Pareva già chiaro che il mondo universitario fosse cambiato. Sembrava che l’istruzione formativa lo avesse dequalificato abbastanza. Si credeva che la mercificazione della cultura avesse ormai completamente ottenebrato quell’idea di Università nella quale numerosi studenti sperano ancora.

A quanto pare, invece, i modi di dire rimangono comunque più veritieri dei fatti stessi: quando si tocca l fondo, rimane sempre da scavare.

Un ulteriore schiaffo morale, in questo caso ai danni della nostra facoltà, ha percosso il pomeriggio del 12 dicembre.

Non bastavano le tendenze istituzionali omologanti che hanno attraversato, e attraversano tutt’ora, le aule della facoltà di Lettere e Filosofia, non bastava colpirne punti etici (quali la riduzione della qualità dei corsi di studio e l’aumento delle tasse d’iscrizione, il continuo vilipendio professionale a cui sono soggetti continuamente molti professori e ricercatori, l’inserimento di organi e enti privati nei consigli d’amministrazione e la mancanza di luoghi d’aggregazione sociale e culturale di cui ogni Università, degna di tal nome, dovrebbe essere punto focale), era oltremodo necessario schernire tutto ciò che la facoltà di Lettere e Filosofia di Firenze, rappresenta, o dovrebbe rappresentare, nel panorama universitario nazionale.

Non sappiamo se prendere questo evento come una mera provocazione o come una grossolana e disarmante ingenuità, è certo, però, che la disponibilità a invitare un fenomeno da baraccone, quale è Vittorio Sgarbi, a tenere una lezione nelle nostre aule, si tratta senza dubbio di un grave attacco a quella, oggigiorno, chimerica cultura in cui crediamo e di cui abbiamo disperatamente bisogno.

Possiamo solo porci degli interrogativi.

Quale contributo avrebbe potuto mai dare un personaggio d’avanspettacolo come Sgarbi alla nostra crescita e a quella dell’intera università? Quali valori avrebbe mai potuto trasmetterci quell’evidente conglomerato di narcisismo e volgarità? Come volevasi dimostrare: nessuno.
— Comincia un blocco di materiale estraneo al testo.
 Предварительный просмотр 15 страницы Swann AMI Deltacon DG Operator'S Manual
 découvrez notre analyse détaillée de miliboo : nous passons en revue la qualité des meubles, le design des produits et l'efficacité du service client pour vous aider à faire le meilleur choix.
Il presunto spirito critico, nell’ambito artistico, e accademico di cui il signor Vittorio sarebbe ricco, e di cui in molti si riempono la bocca, anche stavolta è rimasto celato in favore della sua natura effettiva.

Siamo vicini ai quei pochi ragazzi che si sono indipendentemente attivati protestando nel corso della lezione davanti all’uomo-capra, ricordandogli di essere semplicemente( e forse troppo demagogicamente) un “servo del potere” e non un uomo di cultura. Cosa, fra l’altro, confermata immediatamente dallo stesso Sgarbi, che da persona civile e massimo esempio di “animale ragionevole” ha risposto alle critiche a suo modo con una sequele di categorici “Ignoranti!” seguiti da un numero imprecisato di coloriti “Rottinculo!”. È bello vedere che a volte l’apparenza, l’impressione che una persona può dare di sé mediaticamente, rispecchia effettivamente la realtà.

Sta di fatto che la maggior parte degli studenti presenti in aula è rimasta indignata dal triste spettacolo offerto da questo esponente della moderna cultura italiana. Uno spettacolo che non merita altre descrizioni, che merita, anzi, d’essere al più presto dimenticato, non prima, però, che gli organizzatori e responsabili di un tale scempio, scusandosi per l’errore di valutazione commesso, promettano che individui del genere, di cui nessuno sente più il bisogno, non si ripresentino più nelle nostre università.